Bass classification,8 critical,8 and fatal9 Covid-19 cases followed World Health Organization guidelines and assessments were carried out by trained medical staff using individual chart reviews under a national patient protocol hospitalized with Covid-19. Details regarding the severity, criticality and classification of Covid-19 deaths are provided in Section S1 of the Supplementary Annex.

Laboratory methods and determination of subvariants

The big omicron wave in Qatar started on December 19, 2021 and peaked in mid-January 2022.2-4 A total of 315 SARS-CoV-2 positive random samples collected from December 19, 2021 to January 22, 2022 underwent viral whole genome sequencing on a GridION sequencing device (Nanopore Technologies). Of these samples, 300 (95.2%) were confirmed to be omicron infections and 15 (4.8%) to be delta (or B.1.617.2)1 infections.2-4 Of the 286 omicron infections with confirmed subvariant status, 68 (23.8%) were BA.1 and 218 (76.2%) were BA.2.

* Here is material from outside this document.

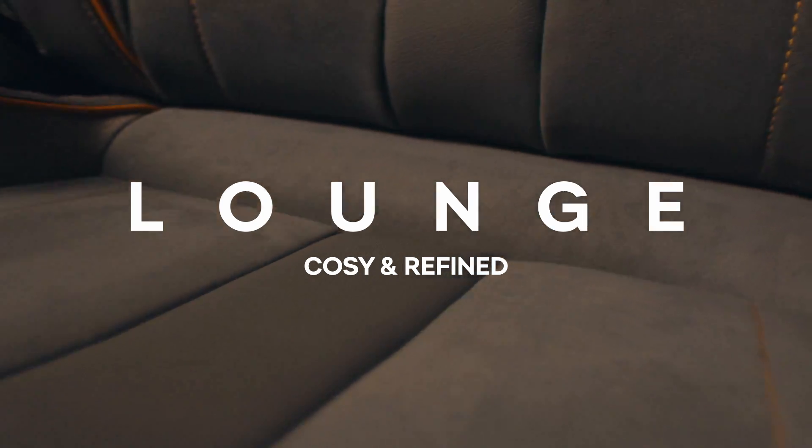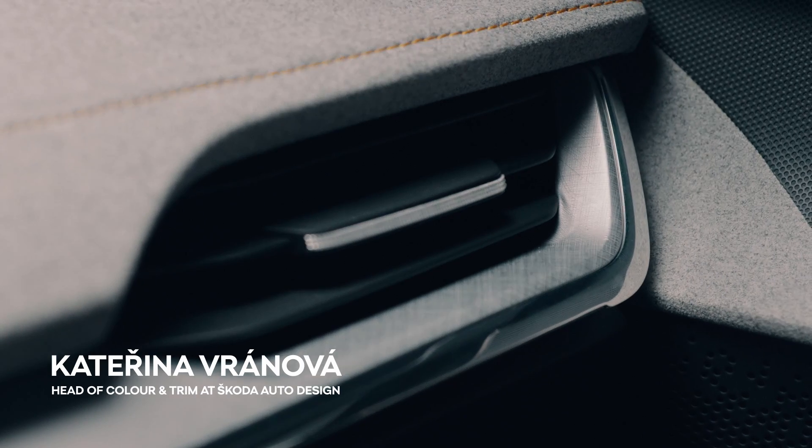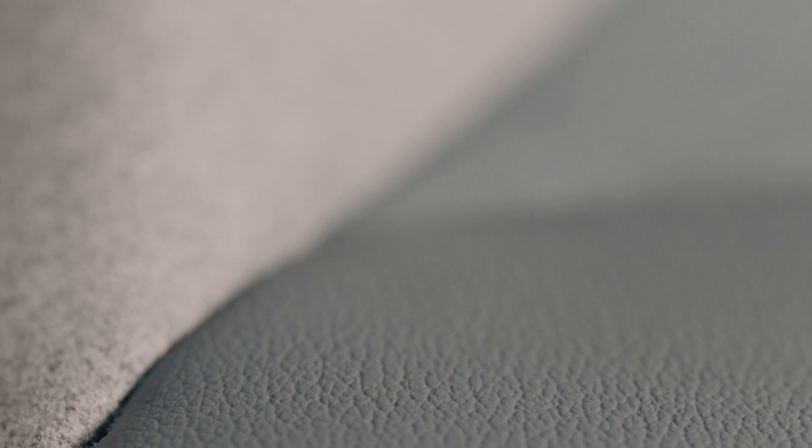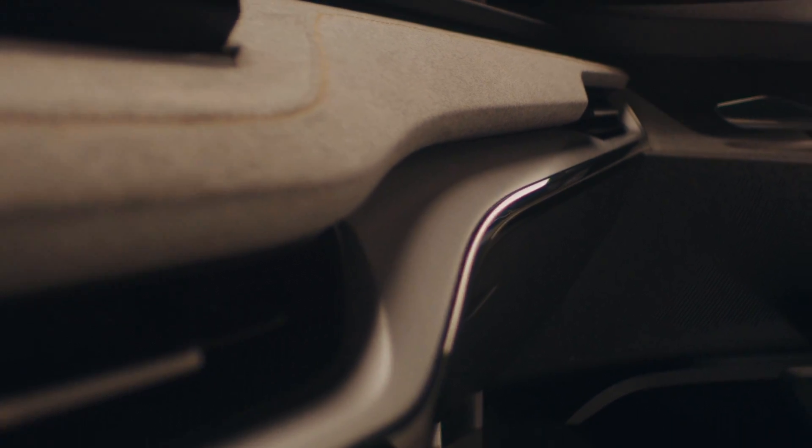Lounge is a place to contemplate on the finer things in life, and as such it presents a bespoke choice of materials and details. Its decorative contrast stitching with a hint of mustard color tone goes so well with anodized cross-lined silver foil on its distinctively discrete decoration parts. The crafted combination of leather and microfiber fabric gets you the smoothest from both worlds, approaching elegant, refined, and understated in every way — Lounge is a timeless choice for every destination.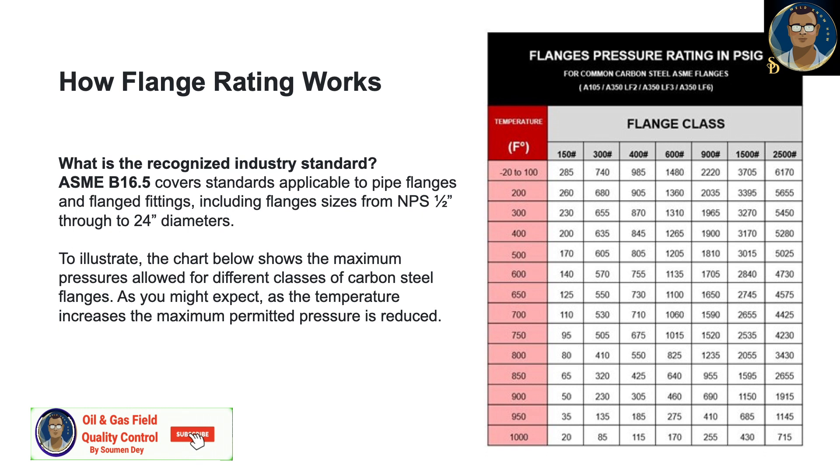The most popularly used international standard for flanges all over the world is ASME B16.5. It covers standards applicable to pipe flanges and flanged fittings, including flange sizes from half inch to 24 inch diameter. The chart here shows the maximum pressures allowed for different classes of carbon steel flanges. Wherever you buy from in the world, if you specify a 600 pound flange manufactured to B16.5, it will give you similar data — this standardization is very useful. As you might expect, as temperature increases, maximum permitted pressure is reduced.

We used the TaqPath COVID-19 Combo kit (Thermo Fisher Scientific), which tests for the spike (S) gene of SARS-CoV-2 and the 69-70del mutation of the S gene,24 to identify BA.1 and BA.2 infections. An S gene target defect was used as a proxy for BA.1 infection, and a non-gene S target defect was used as a proxy for BA.2 infection. Additional details regarding laboratory methods for real-time quantitative reverse transcriptase-PCR testing are provided in section S2.

Surveillance

This retrospective study was approved by the institutional review boards of Hamad Medical Corporation and Weill Cornell Medicine–Qatar, with a waiver of informed consent. The reporting of this study follows the guidelines on strengthening the reporting of observational studies in epidemiology (Table S1). The study funders had no role in study design, data collection, data analysis, data interpretation, or writing of the manuscript. All authors contributed to the collection and acquisition of the data, the discussion and interpretation of the results, and the drafting of the manuscript. All authors have read and approved the final manuscript.

Statistical analyzes

Although all PCR test records were reviewed for case and control selection, only matched samples were analyzed. Cases and controls were described using frequency distributions and measures of central tendency and compared using standardized mean differences. The standardized mean difference was defined as the difference between the mean value of a covariate in one group and the corresponding mean value of a covariate in the other group, divided by the pooled standard deviation, values ​​less than 0, 1 indicating an adequate match.25

Odds ratios, which compared the likelihood of previous infection or vaccination or both among cases with that among controls, and the associated 95% confidence intervals were derived using regression conditional logistics. This analytical approach, which also incorporates matching according to the calendar week of the PCR test, minimizes the potential biases due to the variation of the epidemic phase.16.26 and the deployment of vaccination during the study period.16.26 Confidence intervals have not been adjusted for multiplicity and therefore should not be used to infer definitive differences between exposure groups. Interactions have not been studied. Efficacy and associated 95% confidence intervals were calculated as 1 minus the odds ratio of infection or prior vaccination, or both, among cases versus controls.16.17 The reference group for all estimates included people with no previous infection and no vaccinations.

Additional analysis was conducted to investigate the effects of prior infection, two-dose vaccination, and three-dose vaccination as a function of time since the immunological event (prior infection or vaccination). This analysis used the same approach as the primary analysis, but stratified by time since the most recent immunological event.

A person was considered to have had a previous positive test if that test was positive by PCR test. A sensitivity analysis of efficacy against any symptomatic infection with omicron was performed, but prior positive tests being based on positive PCR as well as positive rapid antigen tests, to determine whether exclusion of rapid tests positive antigens could have biased our estimates. Statistical analyzes were performed using Stata/SE software, version 17.0 (StataCorp).